(Problem statement)
I'd like every entry transcribed word for word, with no pictures.
------------------------------------------------------------------------
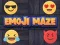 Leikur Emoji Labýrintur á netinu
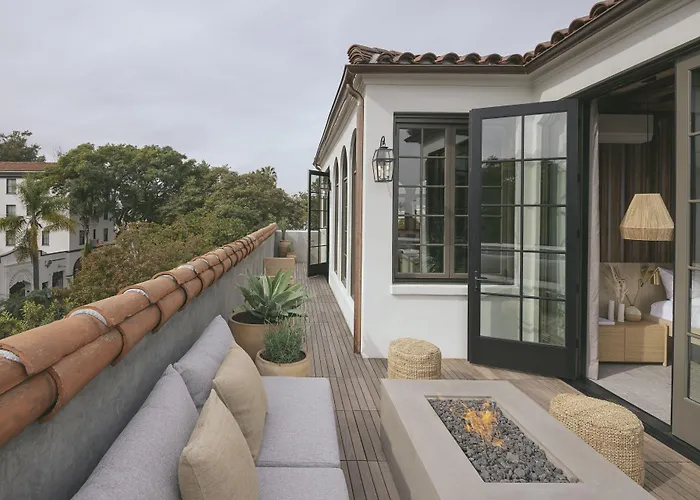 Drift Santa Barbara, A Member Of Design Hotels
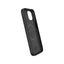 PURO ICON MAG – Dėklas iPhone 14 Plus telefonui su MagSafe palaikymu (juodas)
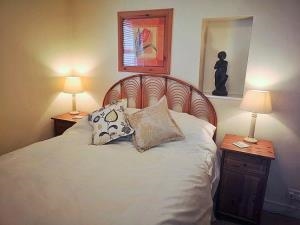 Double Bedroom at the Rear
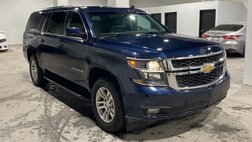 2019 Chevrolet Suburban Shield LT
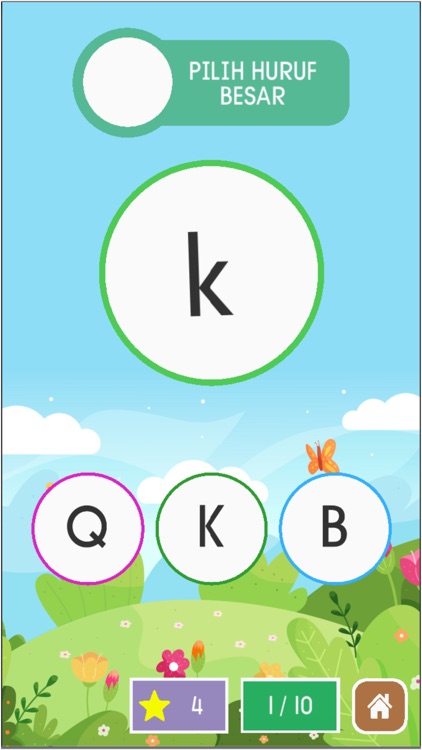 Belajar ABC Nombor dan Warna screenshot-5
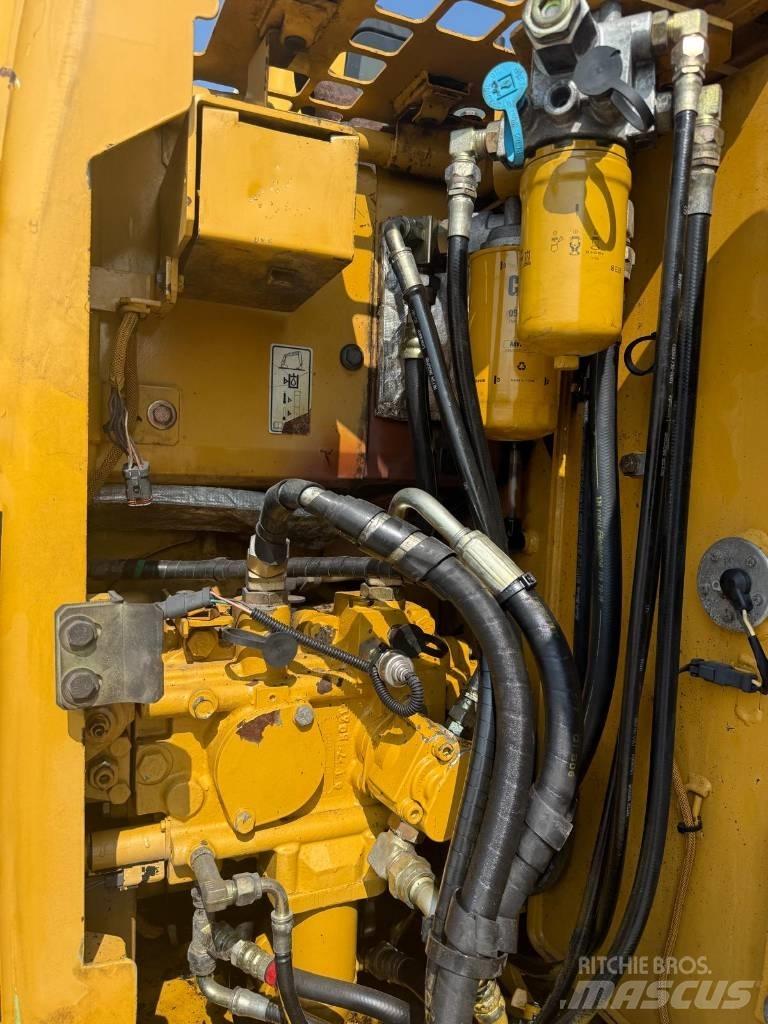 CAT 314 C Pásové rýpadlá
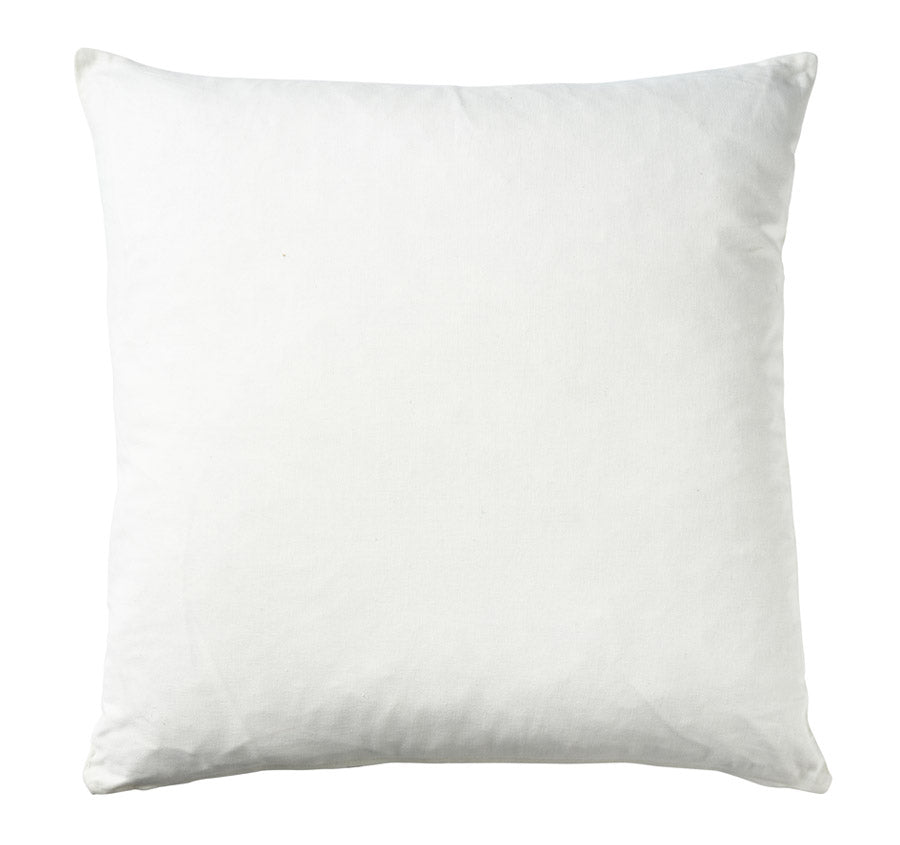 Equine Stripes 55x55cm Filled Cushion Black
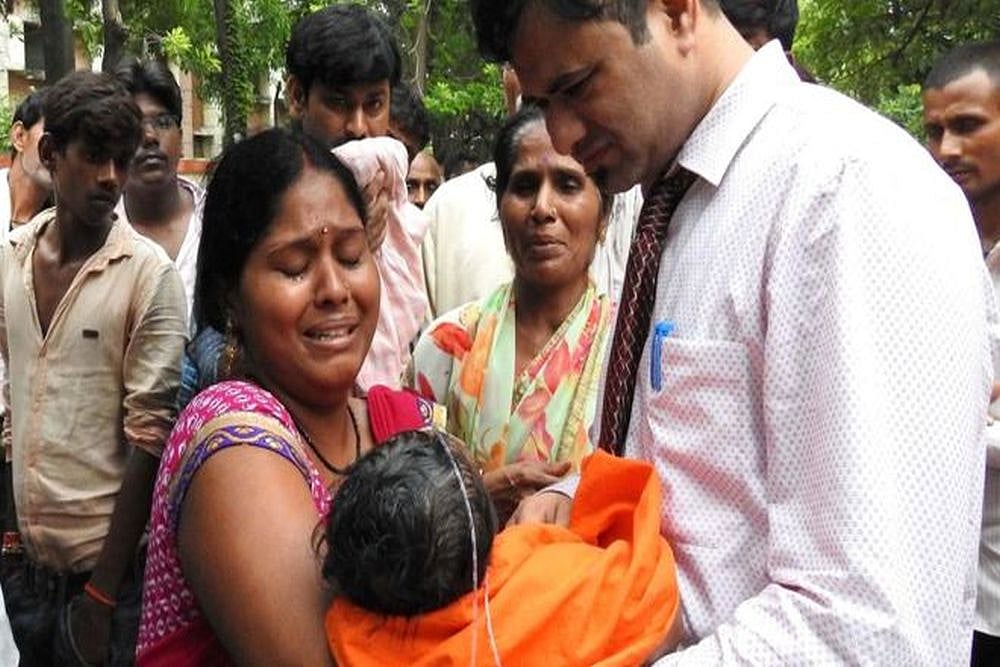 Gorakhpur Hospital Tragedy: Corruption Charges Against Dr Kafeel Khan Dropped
------------------------------------------------------------------------
(Reply to the exercise)
 Leikur Emoji Labýrintur á netinu
 Drift Santa Barbara, A Member Of Design Hotels
 PURO ICON MAG – Dėklas iPhone 14 Plus telefonui su MagSafe palaikymu (juodas)
 Double Bedroom at the Rear
 2019 Chevrolet Suburban Shield LT
 Belajar ABC Nombor dan Warna screenshot-5
 CAT 314 C Pásové rýpadlá
 Equine Stripes 55x55cm Filled Cushion Black
 Gorakhpur Hospital Tragedy: Corruption Charges Against Dr Kafeel Khan Dropped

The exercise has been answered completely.